Powering 5G Infrastructure

One particularly inefficient stage in a base station is the RF power amplifier (Figure 1), which traditionally has use LDMOS devices which can generate kW up to a few GHz. However, in pursuit of better efficiency at the higher frequencies of 5G, gallium nitride (GaN) devices which suit the lower power/higher volume small-cell installations are increasingly used. LDMOS is typically powered from 26-32V DC rails while GaN uses 50-60V. Efficiency of a RF PA is still not high, at around 60% maximum, so every watt saved in generating the power rails from a battery backed system supply, perhaps at 48V, is valuable.

The RPA150E series is a suitable DC/DC converter for a 5G power amplifier stage [4]. It is galvanically isolated, so the input voltage can be a typical telecom -48VDC or -24VDC supply while the output is positive with respect to ground (Figure 1). The RPA150E can deliver 150W continuously and up to 200W peak power to supply the output RF power amplifiers, and the nominal output voltage can be trimmed ±20% to supply the optimum supply voltage for maximum efficiency. The 1/8th sized brick format has a very small footprint for the rated power, and the baseplate cooling allows high temperature operation without derating.

An important feature of DC/DC converters in 5G applications is to have low quiescent power draw and the ability to be set into a low-power shut down mode. Unlike 4G, which continually transmits system information and synchronization/reference signals even with no user traffic, 5G has defined advanced ‘sleep’ modes (ASMs) that are used to minimize average power consumption. Power savings are traded against latency but the gains of around 50% are extremely attractive. Having low-power shutdown features in the system DC/DC converters is therefore important. The RPA150E is also ideal for use with battery-powered supplies, having a conversion efficiency of >91% and a standby consumption of only 3mA.

‘Envelope tracking’ is increasingly used to vary the RF PA supply voltage to match the amplitude of the modulating signal to increase system efficiency, but this must operate at MHz rates, so any dynamic output voltage adjustment function of a DC/DC converter cannot be fast enough. An external envelope tracking circuit using GaN transistors for high speed dynamic tracking can be easily implemented to pulse the drain current to the RF amplifier (Figure 1).

At higher output currents, up to 6A, the RPM series is suitable, with an input voltage range of 4-15V and output adjustable from 0.9-6V. Efficiency peaks at 99%, allowing the part to operate reliably in ambient temperatures of up to 90°C without forced air cooling.

If board space is very restricted, the RPL-3.0 series is ideal.

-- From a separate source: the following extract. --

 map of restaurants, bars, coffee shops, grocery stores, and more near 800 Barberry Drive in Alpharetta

The input voltage range is 4-18 VDC, and the output voltage can be adjusted to anywhere between 0.8 VDC and 5.2 VDC. The maximum continuous output current is 3A - impressive for a converter which is only 3 x 3 x 1.45mm small.

All the parts mentioned include comprehensive protection and monitoring, including a shutdown control for energy saving when a 5G base station is in a sleep state. Figure 3 summarizes the power ranges available.

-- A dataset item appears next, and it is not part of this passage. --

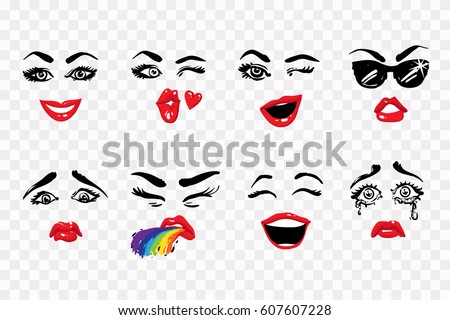 Fashion illustrated women's emotional faces: kissing wink, wink, sunglasses, laugh, puke, cry, sad, smile. Woman vector emoticons, emoji, smiley icons, characters.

5G promises huge improvements in communications performance, opening up many new and exciting applications. System designers however are aware that energy consumption must be minimized for 5G to be viable and for minimum environmental impact. Use of reliable power converters with high efficiency and power density and which are rated for the difficult base station environment are key enablers to achieve this. RECOM can support the application with a wide range of suitable converters.